Quer a ADSE, quer os privados querem acabar com a incerteza que gera o mecanismo das regularizações e, por isso, está a ser preparada uma tabela de preços fechados para o regime convencionado. Foi, aliás, a promessa da rápida conclusão desta (gigantesca) tarefa que serenou os ânimos e permitiu que os cerca de 1,2 milhões de beneficiários do subsistema de saúde dos funcionários do Estado continuassem a usufruir, sem alterações nos valores das comparticipações, de cuidados junto dos maiores hospitais privados.

Porém, não só as regularizações não estão fechadas, como tarda a nova tabela de preços. “De junho não passa”, garante Eugénio Rosa, acrescentando que os valores estão apurados, mas que estão em causa “milhares de alíneas de preços”, o que torna o processo muito demorado e implica “várias reuniões do Conselho Diretivo” para haver consenso.

Depois disso, os preços serão apresentados a uma amostra de prestadores que seja representativa de estruturas com pequena, média e grande dimensão e que terão a oportunidade de dar os seus contributos para serem feitos eventuais acertos.

Uma longa história de conflito

Em 2009, as tabelas gerais dos custos com cirurgias (em ambulatório e com internamento) acabaram e os preços para estes procedimentos passaram a ser abertos, ou seja, os privados é que definiam os valores. Ficou também estabelecido que, anualmente, haveria um acerto de contas, em que os privados devolviam dinheiro à ADSE sempre que cobrassem acima do preço médio acrescido de 10%.

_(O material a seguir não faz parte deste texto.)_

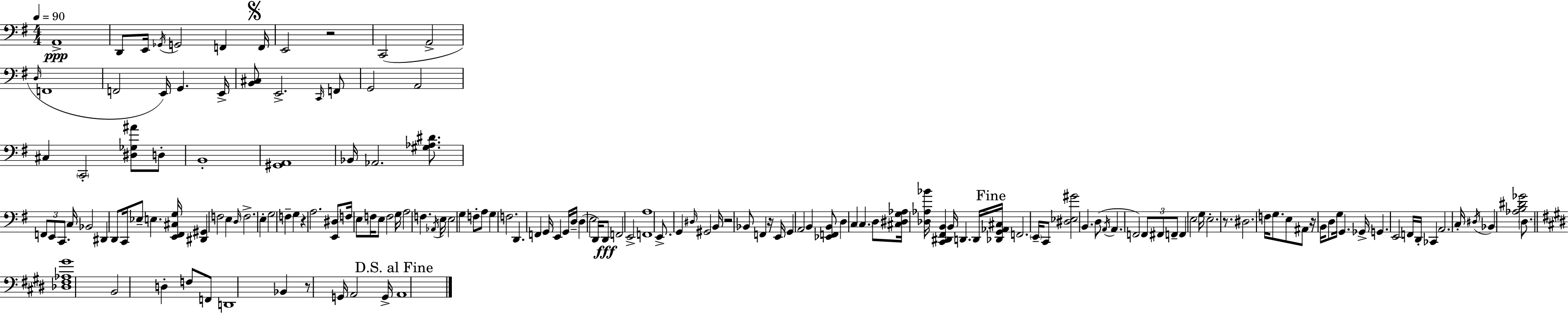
X:1
T:Untitled
M:4/4
L:1/4
K:Em
A,,4 D,,/2 E,,/4 _G,,/4 G,,2 F,, F,,/4 E,,2 z2 C,,2 A,,2 D,/4 F,,4 F,,2 E,,/4 G,, E,,/4 [B,,^C,]/2 E,,2 C,,/4 F,,/2 G,,2 A,,2 ^C, C,,2 [^D,_G,^A]/2 D,/2 B,,4 [^G,,A,,]4 _B,,/4 _A,,2 [^G,_A,^D]/2 F,,/2 E,,/2 C,,/2 C,/4 _B,,2 ^D,, D,,/2 C,,/4 _E,/2 E, [E,,^F,,^C,G,]/4 [^D,,^G,,] F,2 E, D,/4 F,2 E, G,2 F, G, z A,2 [E,,^D,]/2 F,/4 E,/2 F,/4 E,/2 F,2 G,/4 A,2 F, _A,,/4 E,/4 E,2 G, F,/2 A,/2 G, F,2 D,, F,, G,,/4 E,, G,,/4 D,/4 D, E,2 D,,/4 D,,/2 F,,2 E,,2 [F,,A,]4 E,,/2 G,, ^D,/4 ^G,,2 B,,/4 z2 _B,,/2 F,, z/4 E,,/4 G,, A,,2 B,, [_E,,F,,B,,]/2 D, C, C, D,/2 [^C,^D,G,_A,]/4 [_D,_A,_B]/4 [C,,^D,,^F,,B,,] B,,/4 D,, D,,/4 [_D,,G,,_A,,^C,]/4 F,,2 E,,/4 C,,/2 [^D,_E,^G]2 B,, D,/2 A,,/4 A,, F,,2 F,,/2 ^F,,/2 F,,/2 F,, E,2 G,/4 E,2 z/2 ^D,2 F,/4 G,/2 E,/2 ^A,,/2 z/4 B,,/4 D,/2 G,/4 G,, _G,,/4 G,, E,,2 F,,/4 D,,/4 _C,, A,,2 C,/4 ^D,/4 _B,, [_A,B,^D_G]2 D,/2 [_D,^F,_A,^G]4 B,,2 D, F,/2 F,,/2 D,,4 _B,, z/2 G,,/4 A,,2 G,,/4 A,,4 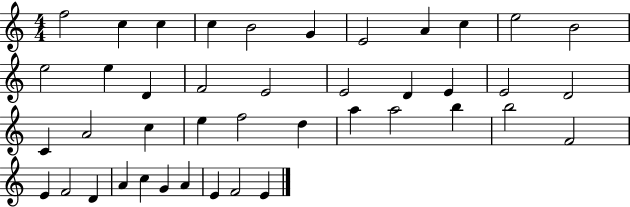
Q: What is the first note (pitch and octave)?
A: F5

“Em 2009, a ADSE celebrou adendas aos contratos com os prestadores que tinham, à época, convenção com ADSE, cujas cláusulas determinaram o preço aberto para os procedimentos cirúrgicos. Isso permitiu que um ato que, à data tinha um valor fixo, passasse a ter um valor aberto, ou seja, os prestadores passaram a faturar o que entendessem para este tipo de atos”, explicou em entrevista à SIC, a presidente da ADSE, Sofia Portela, no auge do braço de ferro com os grandes prestadores privados. Para salvaguardar a ADSE “ficou definido também que se pudesse fazer uma regularização no final do ano”.

Em 2014, há uma nova mudança e as regularizações passam a incluir os medicamentos antineoplásicos (para combater o cancro) que são muito dispendiosos e as próteses intraoperatórias, os chamados dispositivos médicos (como pacemakers, lentes oculares ou implantes auditivos.

Abriu uma nova porta para aos atritos entre a ADSE e os privados, cujas relações têm vindo a degradar-se. Aliás, até o ministro das Finanças, Mário Centeno, se viu obrigado a falar sobre o problema das diferenças de preços, nos mesmos produtos, praticados pelos vários prestadores. “Preços diferenciados para os mesmos atos, preços muito acima do que hospitais públicos suportam em termos de custos, isso não pode continuar. Mas, o Governo não descobriu isso agora”, disse no Parlamento, apontando a necessidade de se rever o relacionamento entre a ADSE e prestadores privados de saúde, cumprindo o decreto-lei de execução orçamental de 2018, que determina a revisão das tabelas da ADSE.

É esse trabalho que está a ser feito, com grande demora, primeiro para o regime convencionado e, depois, para o regime livre.

Os preços que estão a ser fechados pela ADSE dizem respeito a medicamentos, exceto os oncológicos, dispositivos médicos, exceto as lentes intraoculares, e os consumos em sala cirúrgica (no caso em que o respetivo procedimento não seja faturado em pacote).